Career codes use the format {level}-{campus}-{faculty}-{career}.

Common Usage

Course Details and Groups

import asyncio

from sia_scraper import SiaScraper


async def main() -> None:
    scraper = await SiaScraper.create()
    await scraper.set_career("0-2-8-3")

    course = await scraper.get_course_info(course_code="2016489")
    print(course.course_name)
    print(course.typology)
    print(course.available_spots)

    for group in course.groups:
        print(group.group_name, group.teacher, group.spots)
        for sch in group.schedules:
            print(sch.day, sch.start_time, sch.end_time, sch.classroom)

    await scraper.close_session()


asyncio.run(main())

Prerequisites

async def check_prerequisites():
    prereqs = await scraper.get_course_prereqs(course_code="2016489")

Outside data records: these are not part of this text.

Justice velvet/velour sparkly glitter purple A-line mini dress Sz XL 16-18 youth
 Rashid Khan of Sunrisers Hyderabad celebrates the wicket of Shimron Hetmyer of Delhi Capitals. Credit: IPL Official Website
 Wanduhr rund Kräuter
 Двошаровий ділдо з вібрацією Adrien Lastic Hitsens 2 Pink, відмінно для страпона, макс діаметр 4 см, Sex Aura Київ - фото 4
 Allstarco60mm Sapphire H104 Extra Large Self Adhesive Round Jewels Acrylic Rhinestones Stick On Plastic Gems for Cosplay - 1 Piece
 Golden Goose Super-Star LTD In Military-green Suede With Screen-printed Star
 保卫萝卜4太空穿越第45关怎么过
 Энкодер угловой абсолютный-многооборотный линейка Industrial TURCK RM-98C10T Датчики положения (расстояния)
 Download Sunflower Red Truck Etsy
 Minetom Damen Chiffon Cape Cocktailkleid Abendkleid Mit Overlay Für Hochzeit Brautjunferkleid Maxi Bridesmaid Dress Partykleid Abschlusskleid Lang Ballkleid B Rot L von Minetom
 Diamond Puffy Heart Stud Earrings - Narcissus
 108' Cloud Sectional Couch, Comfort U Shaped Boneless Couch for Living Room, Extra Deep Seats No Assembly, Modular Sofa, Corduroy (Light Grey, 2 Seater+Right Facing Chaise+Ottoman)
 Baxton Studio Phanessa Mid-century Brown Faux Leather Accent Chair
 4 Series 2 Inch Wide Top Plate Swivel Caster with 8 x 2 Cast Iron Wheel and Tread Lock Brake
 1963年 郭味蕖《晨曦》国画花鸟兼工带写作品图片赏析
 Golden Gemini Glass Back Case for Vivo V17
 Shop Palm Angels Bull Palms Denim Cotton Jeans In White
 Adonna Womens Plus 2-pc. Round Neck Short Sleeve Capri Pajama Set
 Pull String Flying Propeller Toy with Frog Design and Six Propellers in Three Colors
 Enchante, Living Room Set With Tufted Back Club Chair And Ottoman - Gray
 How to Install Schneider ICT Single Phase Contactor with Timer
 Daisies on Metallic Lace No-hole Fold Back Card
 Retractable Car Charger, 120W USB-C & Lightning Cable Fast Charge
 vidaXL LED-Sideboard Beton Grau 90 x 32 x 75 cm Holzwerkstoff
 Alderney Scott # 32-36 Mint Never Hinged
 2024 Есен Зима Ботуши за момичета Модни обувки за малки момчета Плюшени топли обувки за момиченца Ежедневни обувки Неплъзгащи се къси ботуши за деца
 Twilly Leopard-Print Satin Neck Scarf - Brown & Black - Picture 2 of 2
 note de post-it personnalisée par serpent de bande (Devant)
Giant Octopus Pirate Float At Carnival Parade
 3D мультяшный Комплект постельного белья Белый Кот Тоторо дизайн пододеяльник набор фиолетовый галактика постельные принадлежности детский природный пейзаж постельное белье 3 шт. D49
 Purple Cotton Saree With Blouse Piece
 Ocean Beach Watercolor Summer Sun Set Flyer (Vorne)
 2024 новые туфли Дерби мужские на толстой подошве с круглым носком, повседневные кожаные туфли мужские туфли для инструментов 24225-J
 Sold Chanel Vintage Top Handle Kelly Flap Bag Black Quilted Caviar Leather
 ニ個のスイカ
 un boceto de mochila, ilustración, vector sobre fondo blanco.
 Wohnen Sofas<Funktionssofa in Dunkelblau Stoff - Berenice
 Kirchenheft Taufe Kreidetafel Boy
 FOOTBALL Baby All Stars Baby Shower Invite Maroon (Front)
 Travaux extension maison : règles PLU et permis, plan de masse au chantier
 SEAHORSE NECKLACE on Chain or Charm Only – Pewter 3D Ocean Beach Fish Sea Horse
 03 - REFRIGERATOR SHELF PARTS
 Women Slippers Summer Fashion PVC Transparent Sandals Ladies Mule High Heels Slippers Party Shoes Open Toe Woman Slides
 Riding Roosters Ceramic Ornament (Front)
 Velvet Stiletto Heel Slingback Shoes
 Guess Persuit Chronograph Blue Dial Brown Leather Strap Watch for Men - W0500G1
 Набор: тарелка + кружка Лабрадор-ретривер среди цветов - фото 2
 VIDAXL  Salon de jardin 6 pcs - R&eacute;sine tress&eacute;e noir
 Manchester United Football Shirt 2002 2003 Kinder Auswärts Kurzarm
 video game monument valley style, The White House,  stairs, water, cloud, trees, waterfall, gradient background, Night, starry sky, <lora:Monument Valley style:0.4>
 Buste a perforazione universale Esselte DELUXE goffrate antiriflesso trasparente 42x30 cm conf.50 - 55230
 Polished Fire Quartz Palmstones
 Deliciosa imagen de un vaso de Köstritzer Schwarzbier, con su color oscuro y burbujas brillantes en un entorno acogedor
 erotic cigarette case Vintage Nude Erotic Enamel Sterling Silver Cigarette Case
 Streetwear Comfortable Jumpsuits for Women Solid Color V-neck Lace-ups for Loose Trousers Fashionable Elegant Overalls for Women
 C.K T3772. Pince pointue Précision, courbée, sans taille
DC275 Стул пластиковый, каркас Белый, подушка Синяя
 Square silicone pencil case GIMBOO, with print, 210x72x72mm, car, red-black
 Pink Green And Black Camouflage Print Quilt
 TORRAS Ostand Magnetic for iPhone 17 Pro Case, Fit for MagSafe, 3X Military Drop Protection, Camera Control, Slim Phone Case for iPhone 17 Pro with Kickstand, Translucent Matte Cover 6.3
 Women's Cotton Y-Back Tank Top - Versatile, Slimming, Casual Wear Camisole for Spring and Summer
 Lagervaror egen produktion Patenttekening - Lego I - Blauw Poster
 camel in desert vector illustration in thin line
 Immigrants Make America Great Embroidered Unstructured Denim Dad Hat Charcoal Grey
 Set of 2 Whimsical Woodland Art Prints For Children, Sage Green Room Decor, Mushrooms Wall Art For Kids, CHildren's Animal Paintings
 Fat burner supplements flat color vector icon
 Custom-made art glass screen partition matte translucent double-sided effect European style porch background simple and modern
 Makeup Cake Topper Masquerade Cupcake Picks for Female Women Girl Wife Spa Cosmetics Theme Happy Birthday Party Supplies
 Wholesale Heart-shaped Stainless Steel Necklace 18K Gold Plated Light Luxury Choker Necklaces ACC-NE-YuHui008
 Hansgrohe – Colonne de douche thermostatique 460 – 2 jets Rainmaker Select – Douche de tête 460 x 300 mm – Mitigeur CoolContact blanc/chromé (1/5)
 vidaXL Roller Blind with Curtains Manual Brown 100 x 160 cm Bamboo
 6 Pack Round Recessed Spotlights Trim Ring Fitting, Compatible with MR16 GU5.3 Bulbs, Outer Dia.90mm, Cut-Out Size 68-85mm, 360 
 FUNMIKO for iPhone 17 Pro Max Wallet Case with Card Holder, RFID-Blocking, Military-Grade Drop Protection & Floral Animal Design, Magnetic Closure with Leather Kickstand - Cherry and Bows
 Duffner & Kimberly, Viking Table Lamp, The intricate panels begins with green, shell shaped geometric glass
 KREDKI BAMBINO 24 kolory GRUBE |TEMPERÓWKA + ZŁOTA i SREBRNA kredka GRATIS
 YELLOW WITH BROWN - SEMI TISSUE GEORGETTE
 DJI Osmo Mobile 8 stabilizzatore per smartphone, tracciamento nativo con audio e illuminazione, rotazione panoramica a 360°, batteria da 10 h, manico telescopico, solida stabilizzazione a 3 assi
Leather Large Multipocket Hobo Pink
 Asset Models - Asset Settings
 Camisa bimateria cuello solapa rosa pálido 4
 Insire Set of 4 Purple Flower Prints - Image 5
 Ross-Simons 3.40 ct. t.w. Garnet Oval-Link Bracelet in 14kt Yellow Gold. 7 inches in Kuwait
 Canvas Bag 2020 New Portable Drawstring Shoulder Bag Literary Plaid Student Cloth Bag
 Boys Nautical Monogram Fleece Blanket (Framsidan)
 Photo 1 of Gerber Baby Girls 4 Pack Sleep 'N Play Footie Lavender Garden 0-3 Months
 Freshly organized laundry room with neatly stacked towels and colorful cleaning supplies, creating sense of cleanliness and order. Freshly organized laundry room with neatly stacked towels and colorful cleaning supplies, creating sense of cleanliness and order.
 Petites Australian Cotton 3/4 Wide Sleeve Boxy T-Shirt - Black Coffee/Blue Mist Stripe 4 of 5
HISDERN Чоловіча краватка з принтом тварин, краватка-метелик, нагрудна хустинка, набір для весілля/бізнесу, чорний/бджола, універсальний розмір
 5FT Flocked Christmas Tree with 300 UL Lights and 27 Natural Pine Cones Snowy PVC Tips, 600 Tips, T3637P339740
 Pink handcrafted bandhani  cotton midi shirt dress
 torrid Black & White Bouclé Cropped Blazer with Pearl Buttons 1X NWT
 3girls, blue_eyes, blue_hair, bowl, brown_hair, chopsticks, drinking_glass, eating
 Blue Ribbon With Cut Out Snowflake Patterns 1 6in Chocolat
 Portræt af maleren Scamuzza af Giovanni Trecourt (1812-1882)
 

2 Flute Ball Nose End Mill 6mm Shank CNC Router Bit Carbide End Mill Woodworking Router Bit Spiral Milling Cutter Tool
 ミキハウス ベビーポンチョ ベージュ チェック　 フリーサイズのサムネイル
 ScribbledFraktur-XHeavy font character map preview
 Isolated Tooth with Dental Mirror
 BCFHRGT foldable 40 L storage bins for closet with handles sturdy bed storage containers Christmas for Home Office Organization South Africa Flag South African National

    for condition in prereqs.conditions:
        print(condition.type)
        for req in condition.prerequisites:
            print(req.course_code, req.course_name)

asyncio.run(check_prerequisites())

Session Persistence

import asyncio

from sia_scraper import SiaScraper, init_sia_scraper


async def main() -> None:
    scraper = await SiaScraper.create()
    await scraper.set_career("0-2-8-3")
    saved = scraper.get_session_data()
    await scraper.close_session()

    restored = await init_sia_scraper("0-2-8-3", False, session_data=saved)
    course = await restored.get_course_info(course_code="2016489")
    print(course.course_name)
    await restored.close_session()


asyncio.run(main())

Error Handling

Sia-scraper provides a typed exception hierarchy with two independent trees:

Rust exceptions (from sia_scraper_rust, re-exported via sia_scraper.core.exceptions):

Exception
  └── SiaScraperException
        ├── NetworkError       -- DNS, connection refused, unreachable
        ├── HttpStatusError    -- HTTP 4xx/5xx responses
        ├── SiaTimeoutError    -- Request timeout
        ├── ParseError         -- Response cannot be parsed
        └── SessionError       -- Session not initialized or expired

Python exceptions (from sia_scraper.core.exceptions):

Exception
  └── SiaSessionException
        ├── SessionNotSet      -- Operation without active session
        ├── CareerNotSet       -- Course operation without career selected
        ├── TimeoutError       -- Legacy timeout (prefer SiaTimeoutError)
        ├── InvalidStatus      -- Incompatible action for current state
        └── ConcurrentAccessError -- Concurrent access detected
from sia_scraper import SiaScraper
from sia_scraper.core.exceptions import (
    SiaSessionException,       # Python session errors
    CareerNotSet,              # Career not set
    SiaScraperException,       # Rust base exception
    NetworkError,              # Connection failures
    HttpStatusError,           # HTTP 4xx/5xx
    SiaTimeoutError,           # Request timeouts
    ParseError,                # Parse failures
    SessionError,              # Session state errors
)

Documentation

Current version: 0.2.1.

Requirements

  • Python >=3.10
  • Runtime dependencies:
    • lxml~=5.2.0
    • cssselect~=1.2.0
    • pydantic>=2.0,<3.0
    • loguru~=0.7.0

Project Structure

src/sia_scraper/
├── scraper.py              # Async facade (Rust-backed session)
├── session.py              # Async Rust-backed session wrapper
├── core/
│   ├── adf_state.py        # ViewState extraction utilities
│   └── exceptions.py       # Exception hierarchy
├── utils/
│   ├── date_formatter.py
│   └── debug.py
├── constants/
└── parsers/                # HTML/XML parsing

Architecture Highlights

Async-Only API

The public API is async-first and Rust-backed. Network/session workflow is handled by Rust (reqwest + tokio) through the sia_scraper_rust extension.

Batch Resilience

The scrape_courses() method includes resilient batch processing:

  • SKIP: Skip rows that fail to parse
  • RETRY: Retry failed rows up to 3 times with configurable delay
  • ABORT: Abort on first failure

Configure via scrape_courses(error_mode="retry").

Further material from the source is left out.